Repeat the lines from the line with "2PCS Storage Box" to the line with "Laurel, Delaware map print, the full design" in the listing below, keeping both end lines and adding nothing.
>>>>
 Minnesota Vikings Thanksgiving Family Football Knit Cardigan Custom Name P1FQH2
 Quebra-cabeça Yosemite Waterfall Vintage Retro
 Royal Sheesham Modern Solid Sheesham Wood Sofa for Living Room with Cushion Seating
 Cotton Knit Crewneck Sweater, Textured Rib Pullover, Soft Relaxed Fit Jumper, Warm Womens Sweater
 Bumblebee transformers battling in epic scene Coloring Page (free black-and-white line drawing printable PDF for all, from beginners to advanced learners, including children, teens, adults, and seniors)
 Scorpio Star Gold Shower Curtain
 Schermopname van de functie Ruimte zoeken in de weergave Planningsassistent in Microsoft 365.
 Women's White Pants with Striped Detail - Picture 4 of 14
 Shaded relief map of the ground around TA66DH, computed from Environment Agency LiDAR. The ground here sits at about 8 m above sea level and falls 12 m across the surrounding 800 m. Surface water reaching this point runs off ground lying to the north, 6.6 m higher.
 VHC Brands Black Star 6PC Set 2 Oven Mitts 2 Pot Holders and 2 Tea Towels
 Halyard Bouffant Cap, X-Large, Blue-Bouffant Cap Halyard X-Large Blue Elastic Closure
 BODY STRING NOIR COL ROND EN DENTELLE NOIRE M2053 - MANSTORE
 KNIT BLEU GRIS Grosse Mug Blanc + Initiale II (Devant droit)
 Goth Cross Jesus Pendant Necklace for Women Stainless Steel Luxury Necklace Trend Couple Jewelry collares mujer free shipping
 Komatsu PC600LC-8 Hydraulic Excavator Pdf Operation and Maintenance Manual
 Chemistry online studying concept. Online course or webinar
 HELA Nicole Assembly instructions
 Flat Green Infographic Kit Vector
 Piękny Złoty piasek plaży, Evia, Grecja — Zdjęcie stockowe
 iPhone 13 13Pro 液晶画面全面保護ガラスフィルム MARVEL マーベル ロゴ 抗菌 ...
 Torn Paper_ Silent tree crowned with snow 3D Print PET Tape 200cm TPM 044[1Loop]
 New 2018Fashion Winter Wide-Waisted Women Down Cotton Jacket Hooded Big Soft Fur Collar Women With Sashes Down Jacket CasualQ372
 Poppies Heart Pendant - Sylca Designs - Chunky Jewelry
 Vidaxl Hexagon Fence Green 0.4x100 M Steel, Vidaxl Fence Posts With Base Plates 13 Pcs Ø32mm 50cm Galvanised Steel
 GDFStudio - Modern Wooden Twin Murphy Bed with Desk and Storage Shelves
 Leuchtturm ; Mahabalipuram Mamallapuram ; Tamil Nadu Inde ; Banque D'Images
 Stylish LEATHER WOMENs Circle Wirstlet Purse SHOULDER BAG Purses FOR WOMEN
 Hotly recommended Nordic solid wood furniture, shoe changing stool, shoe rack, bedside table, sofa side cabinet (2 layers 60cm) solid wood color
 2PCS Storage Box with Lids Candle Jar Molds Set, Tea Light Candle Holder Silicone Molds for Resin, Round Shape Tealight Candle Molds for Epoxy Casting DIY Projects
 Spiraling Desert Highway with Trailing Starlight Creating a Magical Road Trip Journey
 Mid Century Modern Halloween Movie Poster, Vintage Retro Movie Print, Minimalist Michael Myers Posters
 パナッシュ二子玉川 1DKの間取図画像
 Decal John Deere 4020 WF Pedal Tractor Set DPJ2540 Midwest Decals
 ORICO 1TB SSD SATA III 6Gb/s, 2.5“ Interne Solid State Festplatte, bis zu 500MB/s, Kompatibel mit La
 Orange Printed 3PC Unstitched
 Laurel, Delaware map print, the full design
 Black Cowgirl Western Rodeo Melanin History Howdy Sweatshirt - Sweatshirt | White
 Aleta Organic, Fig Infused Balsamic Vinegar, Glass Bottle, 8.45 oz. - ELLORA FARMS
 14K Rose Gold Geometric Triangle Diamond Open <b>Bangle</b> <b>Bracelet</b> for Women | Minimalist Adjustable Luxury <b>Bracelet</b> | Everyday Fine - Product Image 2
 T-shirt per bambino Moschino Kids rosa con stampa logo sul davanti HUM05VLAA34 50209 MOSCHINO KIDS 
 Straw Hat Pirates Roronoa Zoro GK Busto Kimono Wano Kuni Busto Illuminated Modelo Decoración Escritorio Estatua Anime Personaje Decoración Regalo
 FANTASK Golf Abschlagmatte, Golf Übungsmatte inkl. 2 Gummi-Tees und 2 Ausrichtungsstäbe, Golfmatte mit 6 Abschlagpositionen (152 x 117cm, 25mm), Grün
<<<<
Response for this exercise:
 2PCS Storage Box with Lids Candle Jar Molds Set, Tea Light Candle Holder Silicone Molds for Resin, Round Shape Tealight Candle Molds for Epoxy Casting DIY Projects
 Spiraling Desert Highway with Trailing Starlight Creating a Magical Road Trip Journey
 Mid Century Modern Halloween Movie Poster, Vintage Retro Movie Print, Minimalist Michael Myers Posters
 パナッシュ二子玉川 1DKの間取図画像
 Decal John Deere 4020 WF Pedal Tractor Set DPJ2540 Midwest Decals
 ORICO 1TB SSD SATA III 6Gb/s, 2.5“ Interne Solid State Festplatte, bis zu 500MB/s, Kompatibel mit La
 Orange Printed 3PC Unstitched
 Laurel, Delaware map print, the full design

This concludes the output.